- Brief
Starting at the line that contains "A doctor recommending", output each line exactly as written through the end of the listing below, but leave out the pictures.

- Provided entries
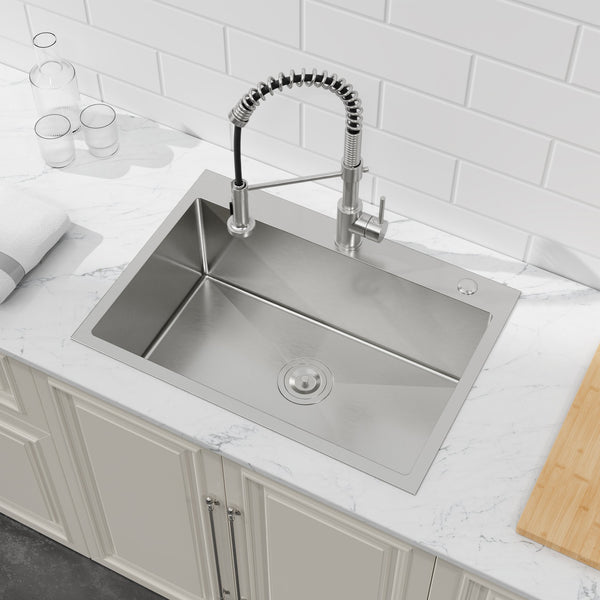 English Elm Stainless Steel Handmade Single Bowl Overmount Kitchen Sink Dark Gray Matte Finish T3177P370628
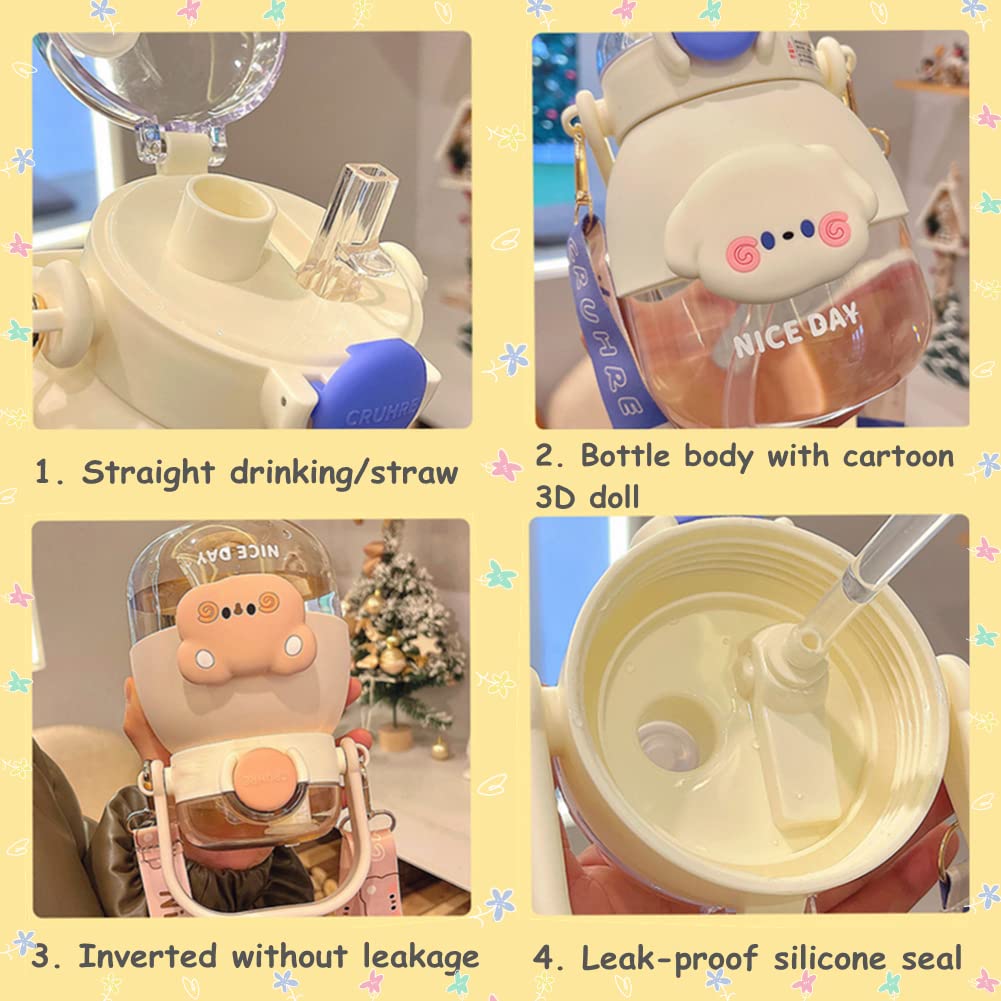 Kawaii Frosch Trinkflasche 850 Ml – Mit Strohhalm, Schultergurt & Süßen Aufklebern
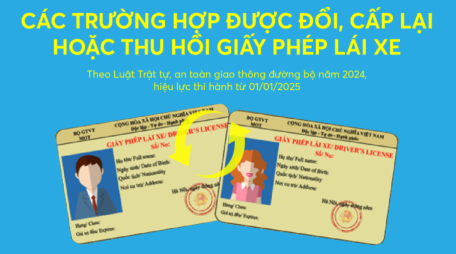 Các trường hợp được đổi, cấp lại hoặc thu hồi giấy phép lái xe từ 1/1/2025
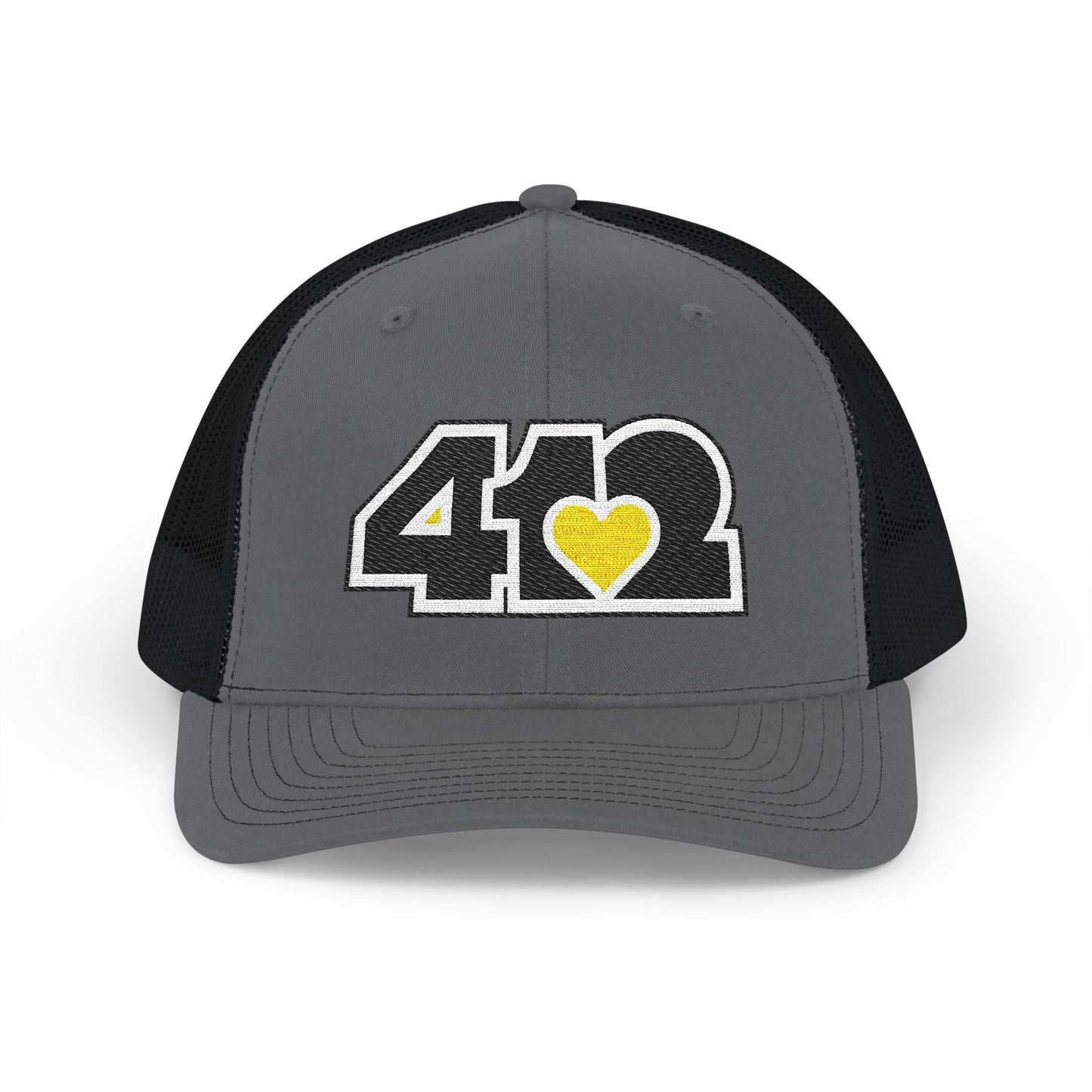 412 Snapback Crown – Embroidered Yellow Heart, Black Logo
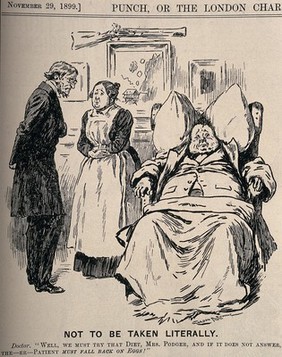 A doctor recommending a specific diet to his obese patient's servant. Wood engraving by G. Browne, 1899.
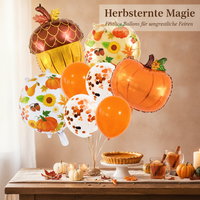 Thanksgiving Aluminum Film Balloon Set - Pumpkin Maple Leaf Harvest Festival Party Decorations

- Output below
 A doctor recommending a specific diet to his obese patient's servant. Wood engraving by G. Browne, 1899.
 Thanksgiving Aluminum Film Balloon Set - Pumpkin Maple Leaf Harvest Festival Party Decorations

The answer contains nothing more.